What this task involves: Each line below should be repeated exactly, but no picture should be carried over.

Supplied information:
↓

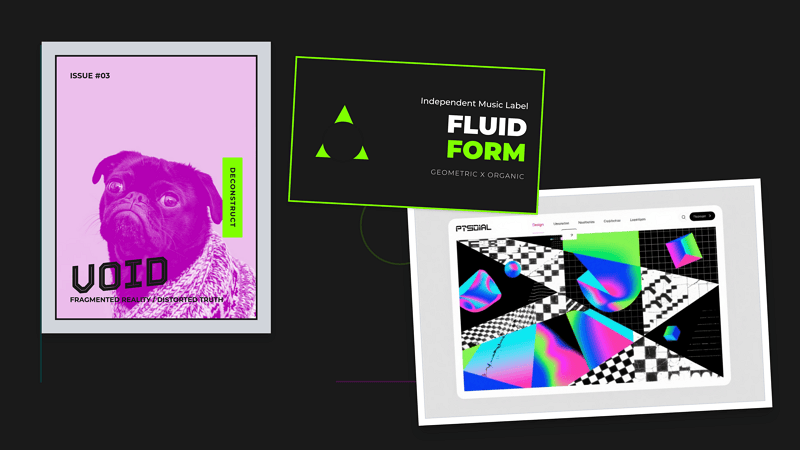 moderne postmodernismus design beispiele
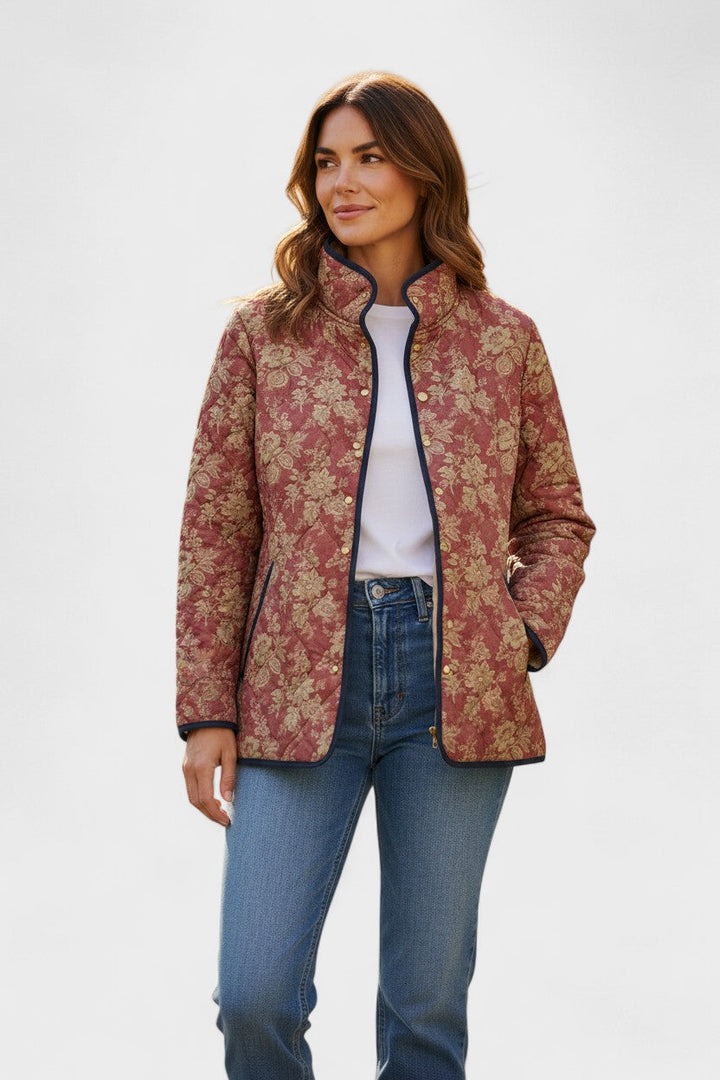 Milada – Veste Matelassée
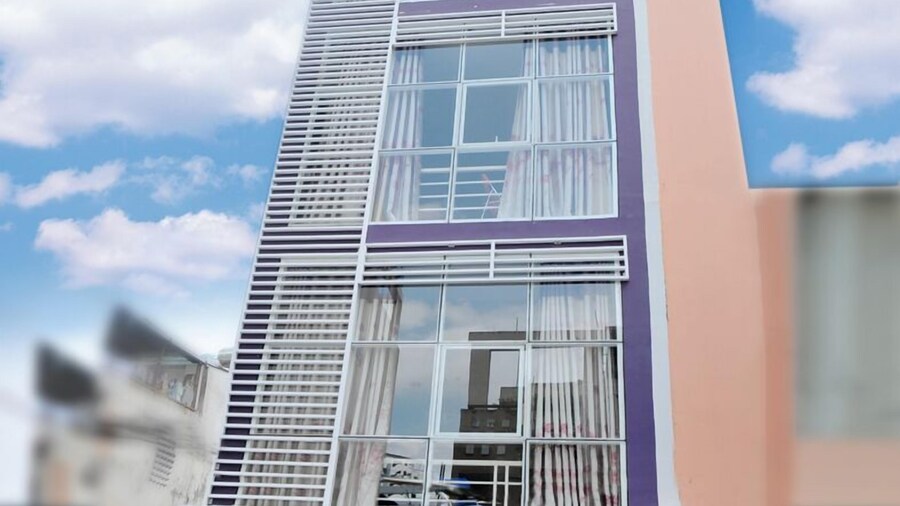 Thanh Ha Guesthouse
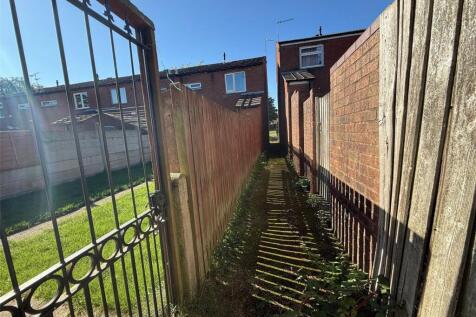 Side Access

↑

Written answer:
 moderne postmodernismus design beispiele
 Milada – Veste Matelassée
 Thanh Ha Guesthouse
 Side Access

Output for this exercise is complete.